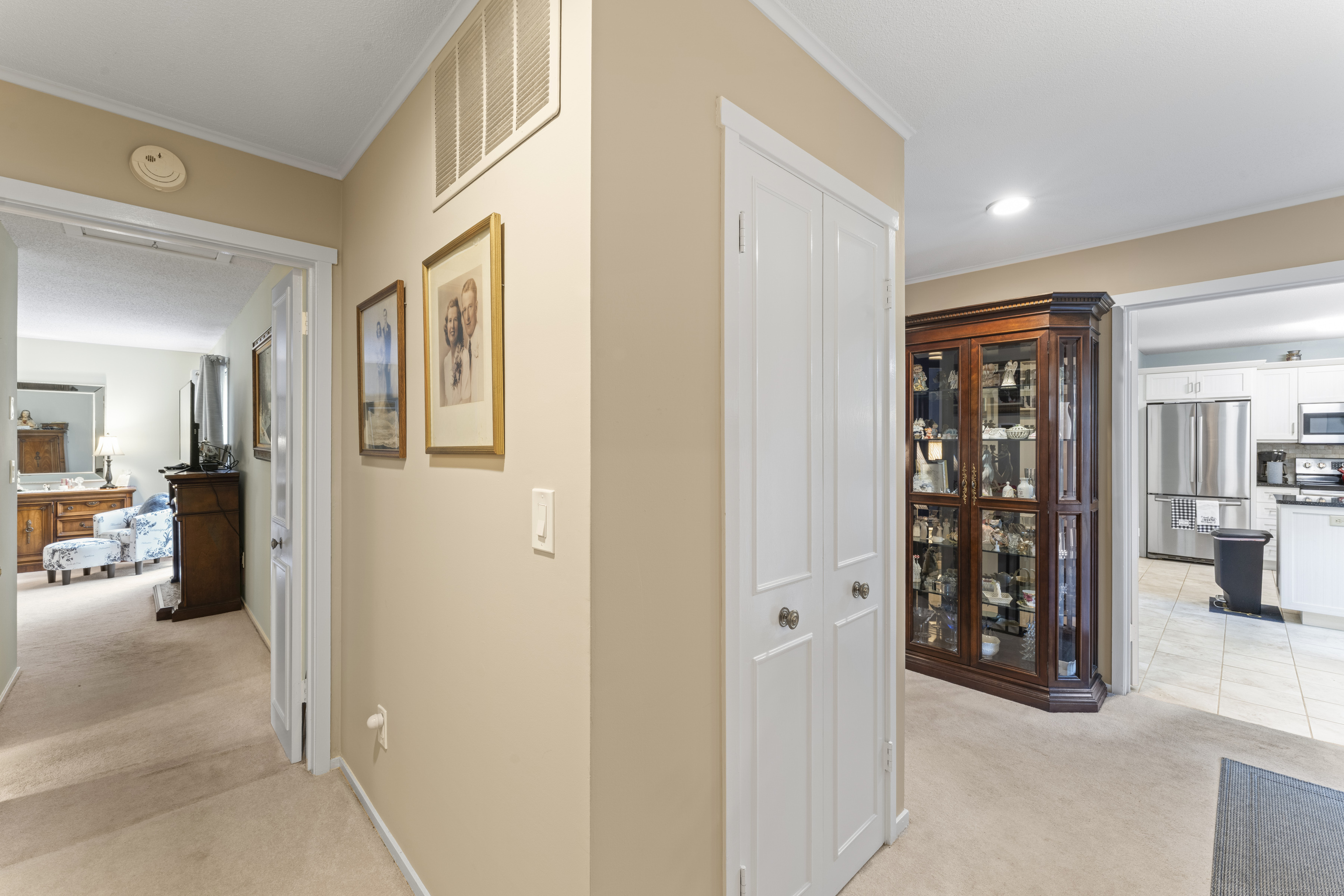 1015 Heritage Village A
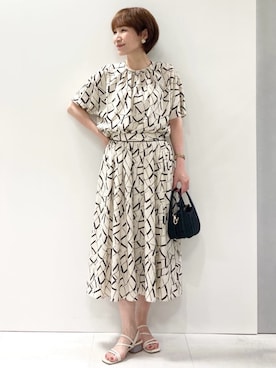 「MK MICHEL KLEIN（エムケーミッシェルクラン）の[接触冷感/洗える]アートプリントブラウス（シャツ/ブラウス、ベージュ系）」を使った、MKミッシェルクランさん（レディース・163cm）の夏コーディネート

--

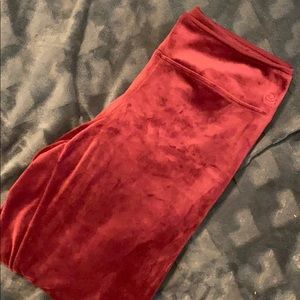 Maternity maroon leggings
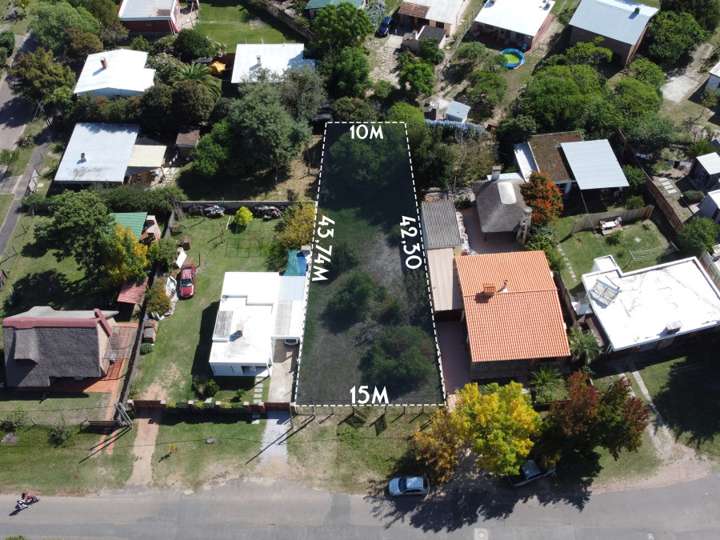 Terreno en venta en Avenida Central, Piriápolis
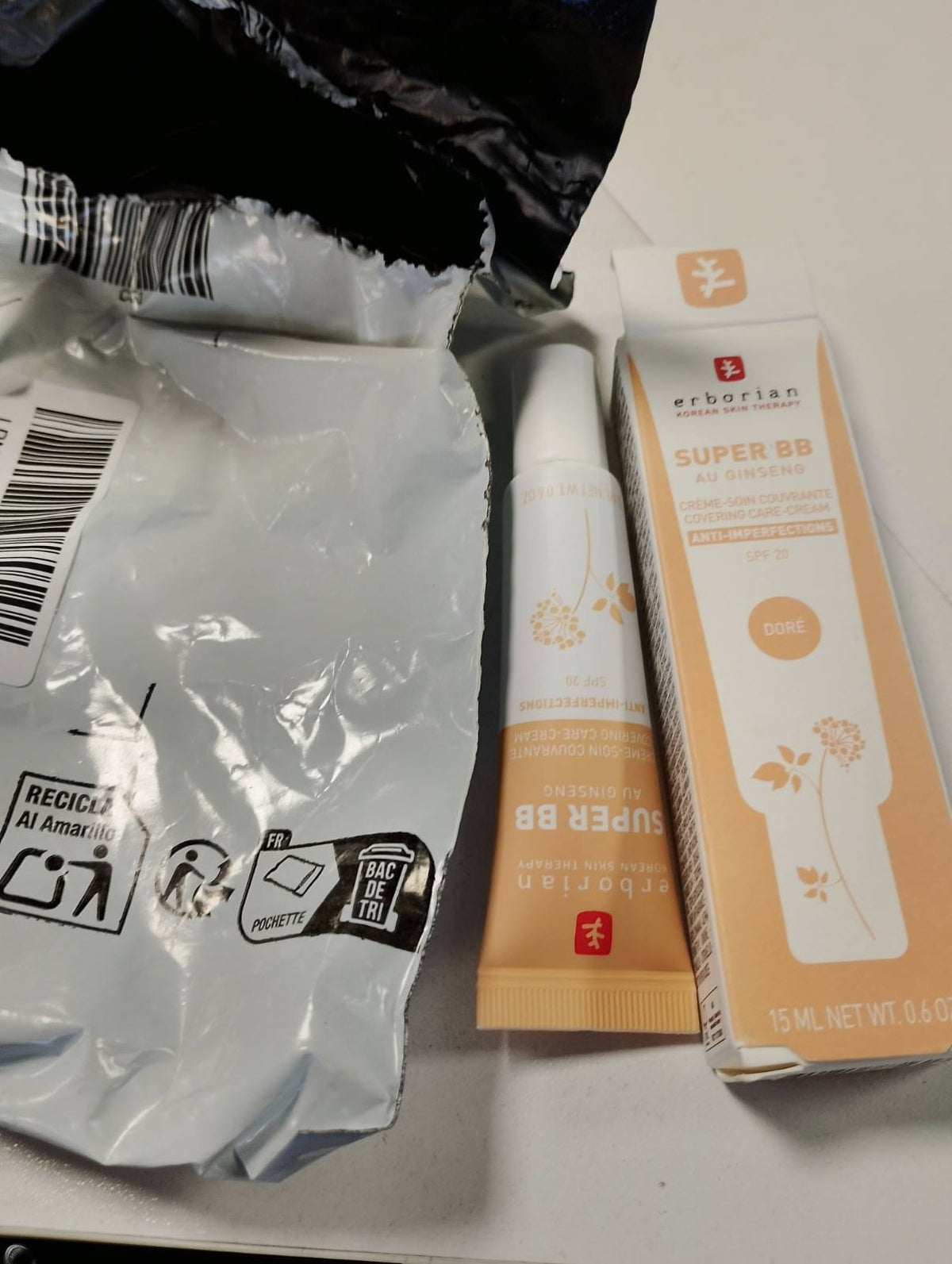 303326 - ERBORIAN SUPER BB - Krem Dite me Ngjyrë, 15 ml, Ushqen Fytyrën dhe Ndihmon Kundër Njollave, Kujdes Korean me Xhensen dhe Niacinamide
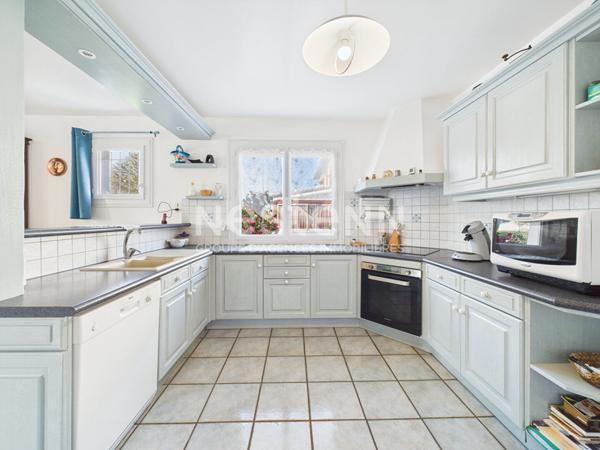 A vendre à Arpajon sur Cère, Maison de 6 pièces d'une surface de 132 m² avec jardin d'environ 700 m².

* * *

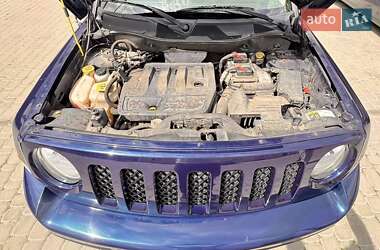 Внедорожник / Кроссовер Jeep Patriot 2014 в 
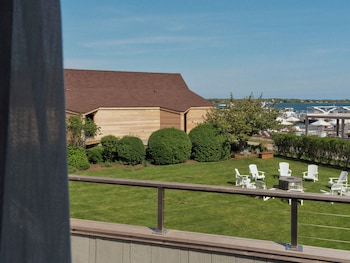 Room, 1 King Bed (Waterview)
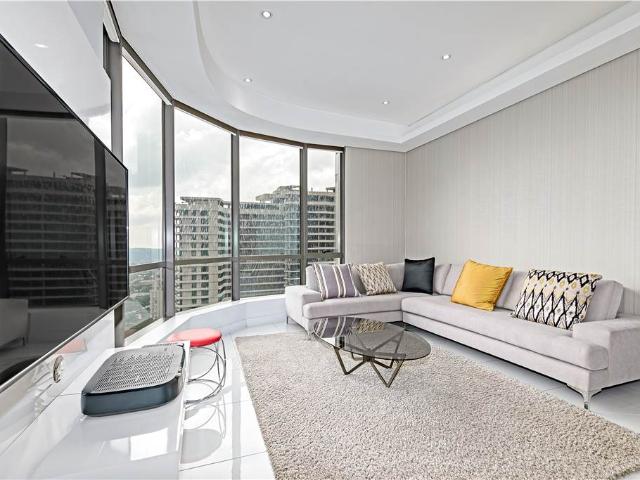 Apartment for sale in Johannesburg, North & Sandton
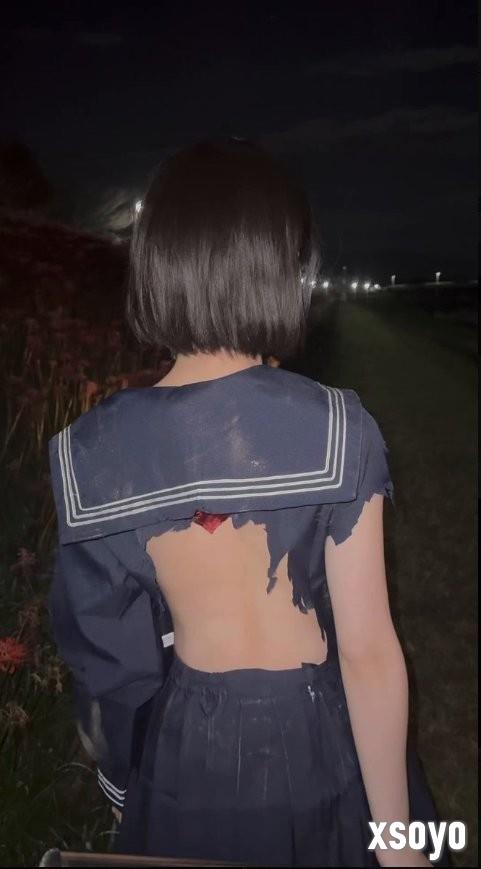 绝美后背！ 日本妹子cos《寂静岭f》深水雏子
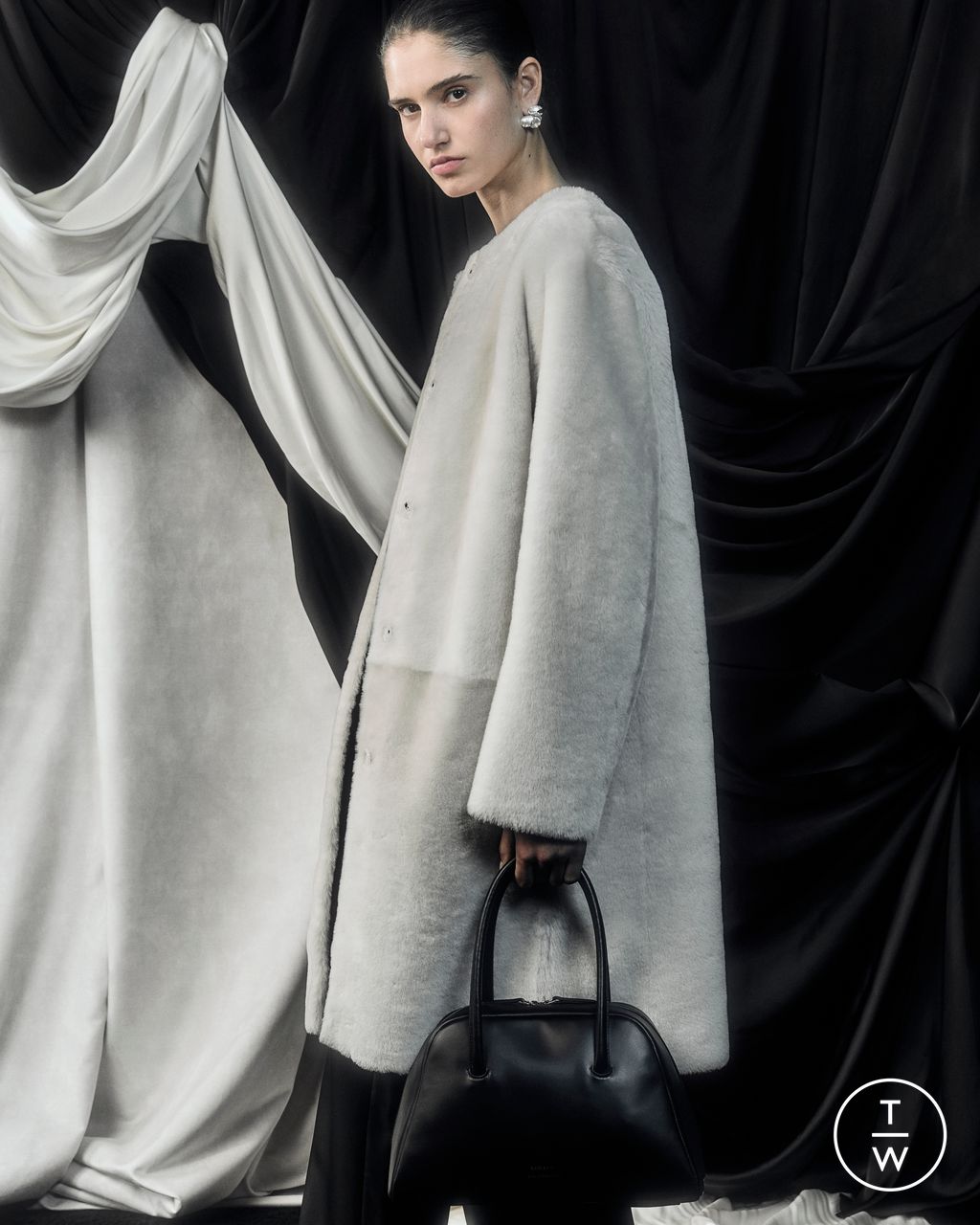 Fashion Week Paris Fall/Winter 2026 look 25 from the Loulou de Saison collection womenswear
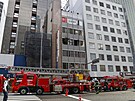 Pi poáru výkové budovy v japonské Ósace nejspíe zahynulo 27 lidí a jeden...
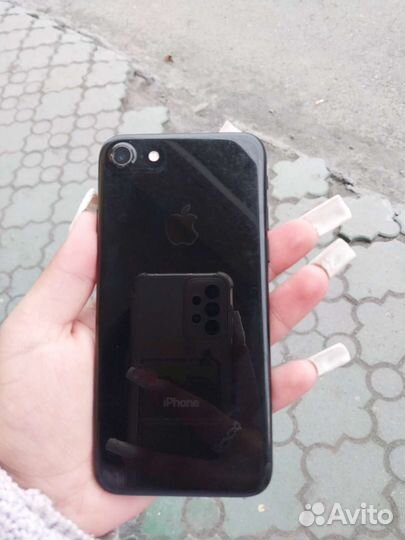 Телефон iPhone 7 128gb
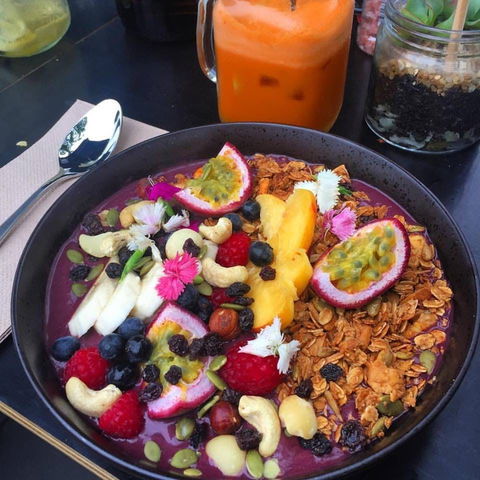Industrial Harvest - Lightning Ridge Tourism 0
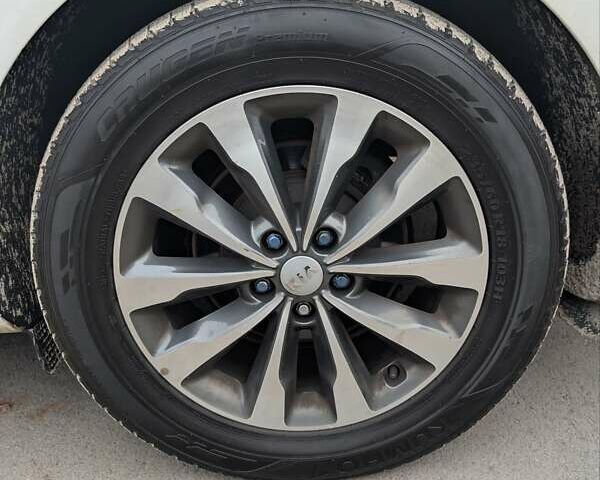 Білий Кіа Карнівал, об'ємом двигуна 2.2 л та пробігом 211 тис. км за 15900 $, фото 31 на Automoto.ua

● **TRY IT**
Above are some entries. Restate word for word the lines from the one holding "Телефон iPhone 7 128gb" through the one holding "Білий Кіа Карнівал, об'ємом", but not the pictures.

● **EXERCISE RESPONSE**
 Телефон iPhone 7 128gb
Industrial Harvest - Lightning Ridge Tourism 0
 Білий Кіа Карнівал, об'ємом двигуна 2.2 л та пробігом 211 тис. км за 15900 $, фото 31 на Automoto.ua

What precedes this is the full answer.